Erector spinae plane block (ESPB) introduced in 2016 is a nerve block technique in which local anesthetic is injected into the fascial plane between the transverse process of the vertebra and the erector spinae muscles. It has been proven to be effective for various surgical procedures, including breast, thoracic and abdominal surgery. However, there has been little evidence to show its analgesic efficacy in lumbar spine surgery. This study was designed to demonstrate the efficacy of ESPB in lumbar spine surgery through a systematic review and meta-analysis of previously reported articles of randomized controlled trials.


The study was conducted on the patients who underwent lumbar spine surgery under general anesthesia. The group of patients who received ESPB was compared with a control group of patients who did not undergo the block technique or who were injected with a sham block (saline injection) instead of local anesthetic. The team compared the two groups based on the opioid consumption for 24 hours after surgery, postoperative pain score for 48 hours, incidence of postoperative nausea and vomiting, patient satisfaction and length of hospital stay.


Twelve randomized controlled trials comprising 665 participants were included and analyzed. Compared to the control, ESPB significantly reduced the opioid consumption for 24 hours after surgery, and lowered the pain scores at various time points (at rest or during movement) for 48 hours after surgery. Also, the ESPB group showed lower incidence of postoperative nausea and vomiting, a higher level of patient satisfaction, and shorter length of hospital stay.
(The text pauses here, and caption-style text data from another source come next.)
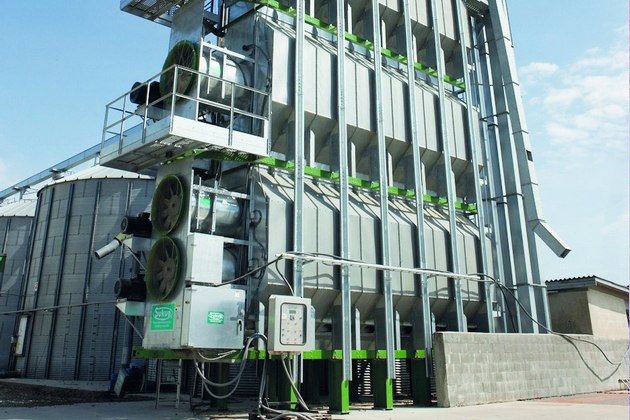 Стаціонарна шахтна зерносушарка у складі елеваторної інфраструктури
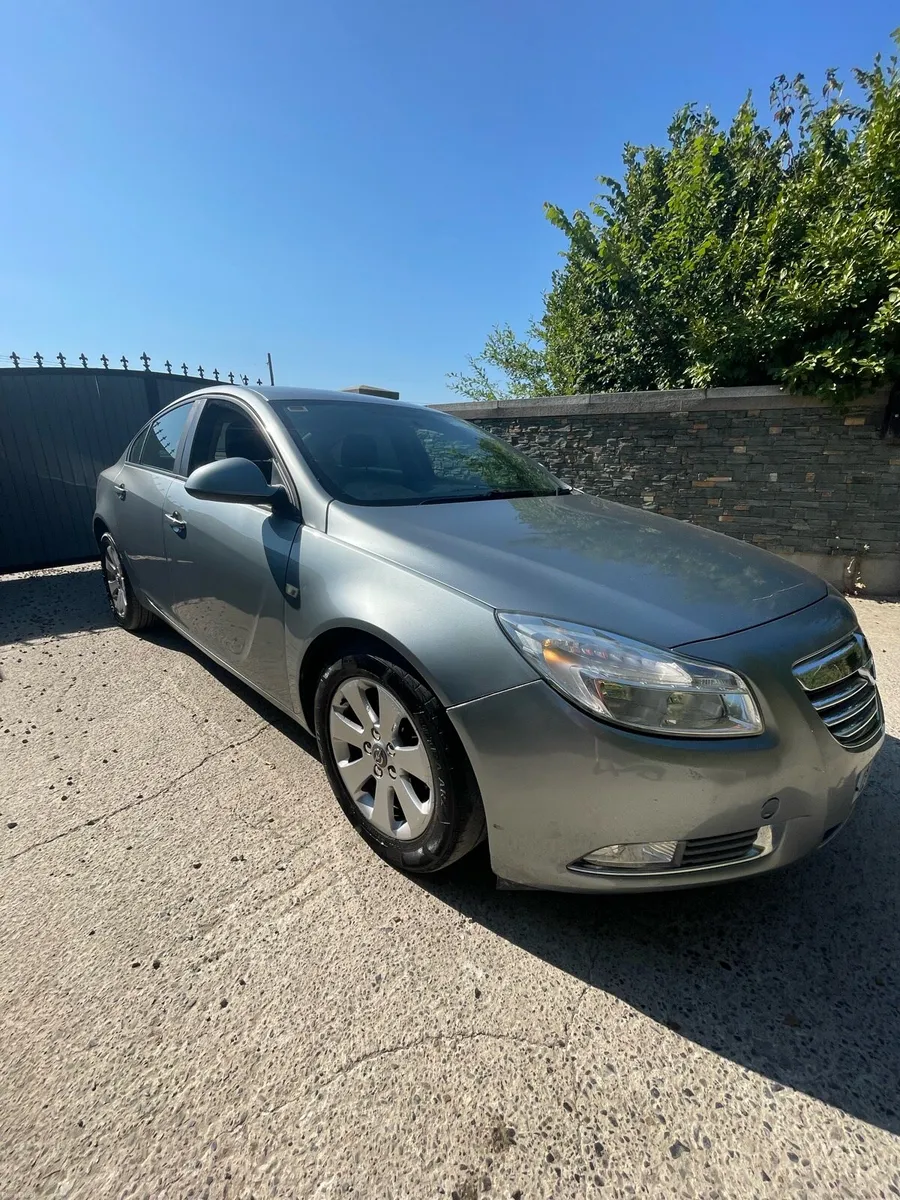 Opel insignia - Image 1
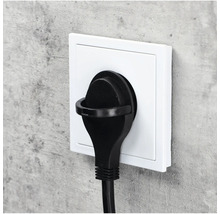 Schuko Stecker in einer Steckdose
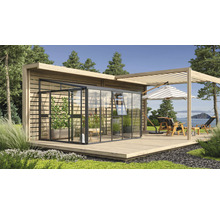 Tuinkas met glazen elementen en houten frame op een terras met tuinmeubilair onder een parasol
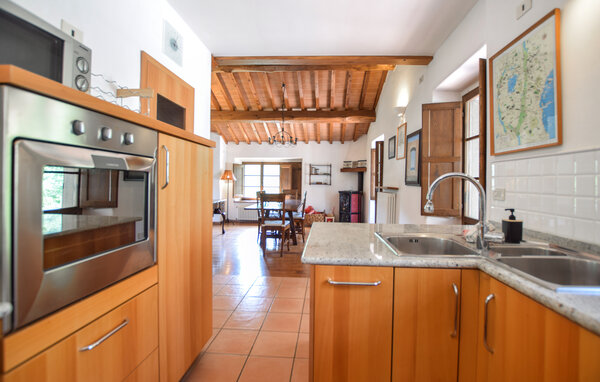 Holiday Home - Caprese Michelangelo , Italy - ITR136 402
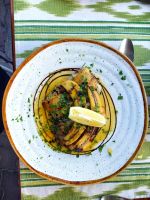 Degenfisch mit Bananen und Passionsfruchtsauce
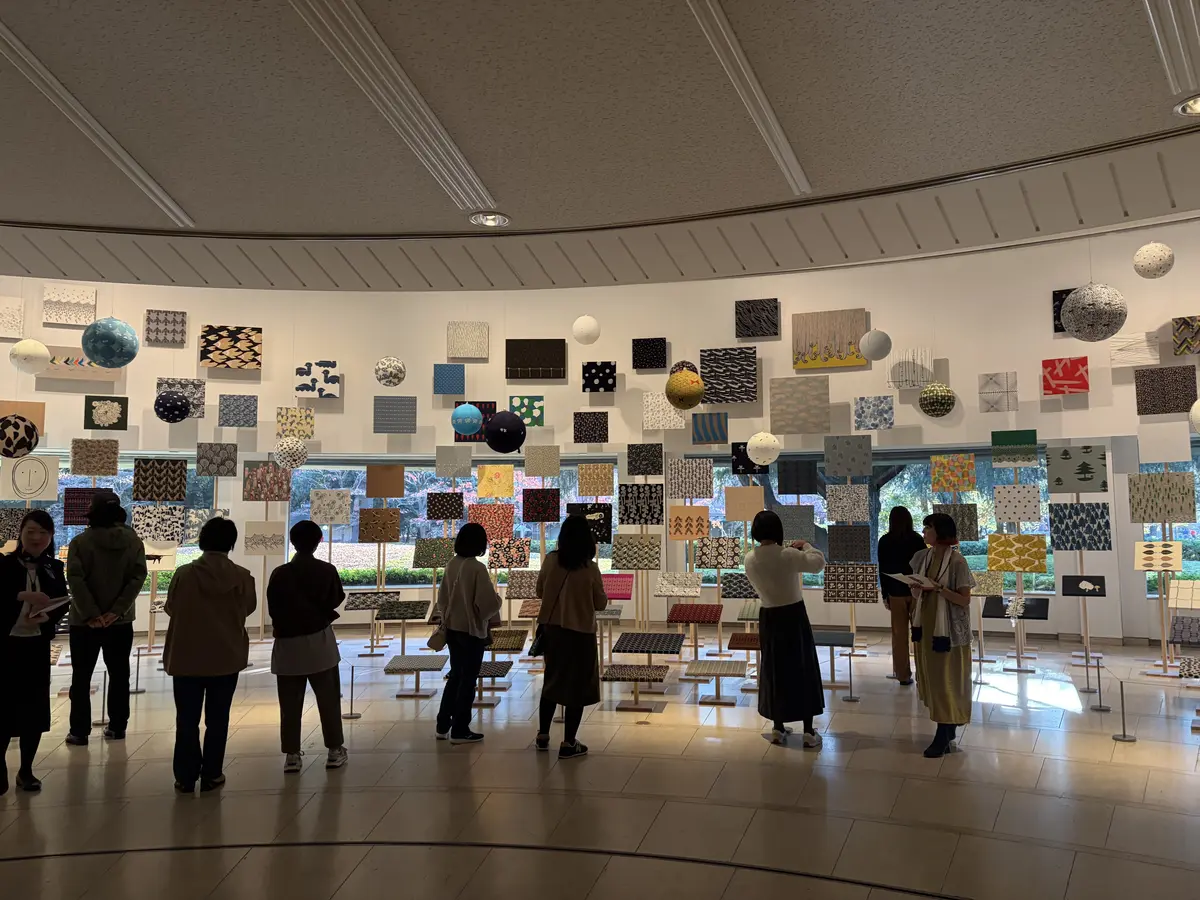 テキスタイルが並ぶ全体写真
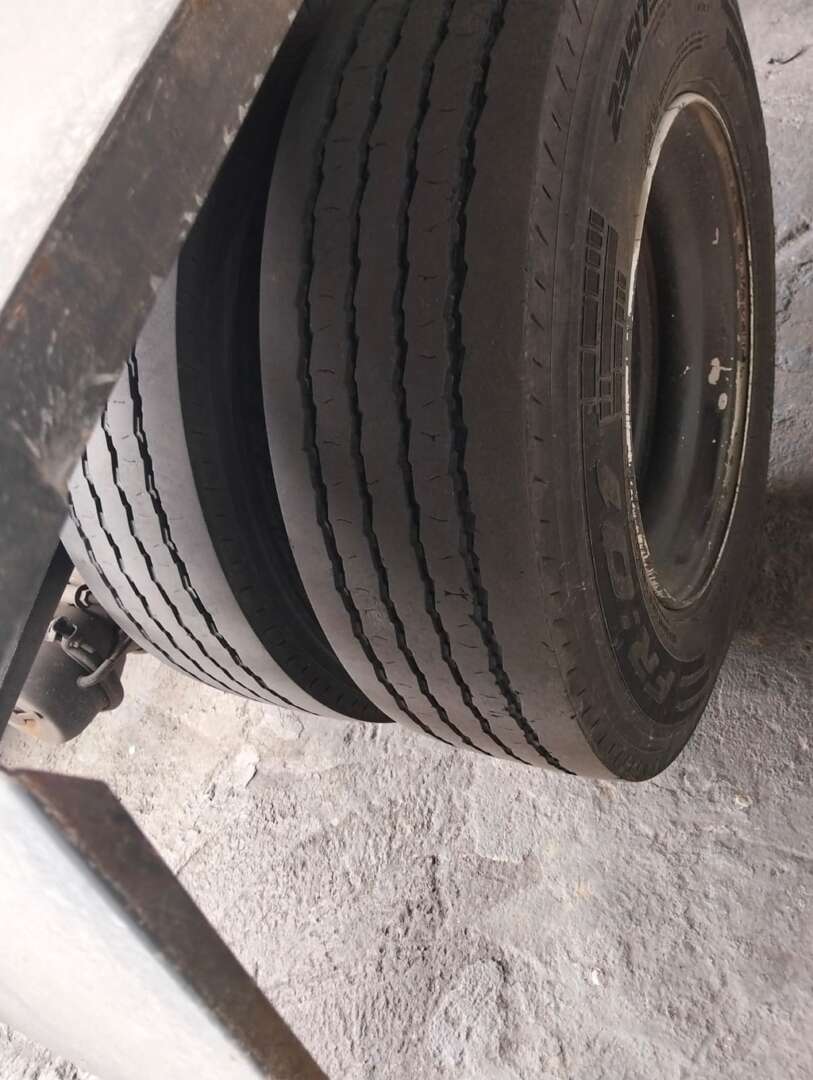 Caminhão MERCEDES BENZ MB 1016 Plataforma Guincho ANO 2019 de Barella Caminhões em São Paulo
Furthermore, a subgroup analysis revealed an additional reduction in opioid consumption by the block approach at the vertebral level of incision or operation than that at the fixed thoracic or lumbar level.


This study demonstrated the clinical benefits of ESPB for the patients undergoing lumbar spine surgery. In particular, it found that performing such block technique at the corresponding vertebral level of incision or operation rather than fixed spine level was more effective in relieving postoperative pain.


“In patients undergoing lumbar spine surgery under general anesthesia at the clinical scene, performing ESPB on the vertebral level of incision or operation can be more effective to manage their postoperative pain,” said Professor Byung Gun Lim at the Department of Anesthesiology and Pain Medicine of Korea University Guro Hospital. He added: “By reducing the opioid consumption and its consequent complication risks, the block technique will also contribute positively to a higher level of patient satisfaction and improving the hospital bed occupancy rate.”


In the meantime, the Journal of Clinical Anesthesia, in which the results of this study were published, has the highest Journal Impact Factor (9.452) of medical journals in the Anesthesiology category (2020 Journal Impact Factor, Journal Citation Reports, Clarivate).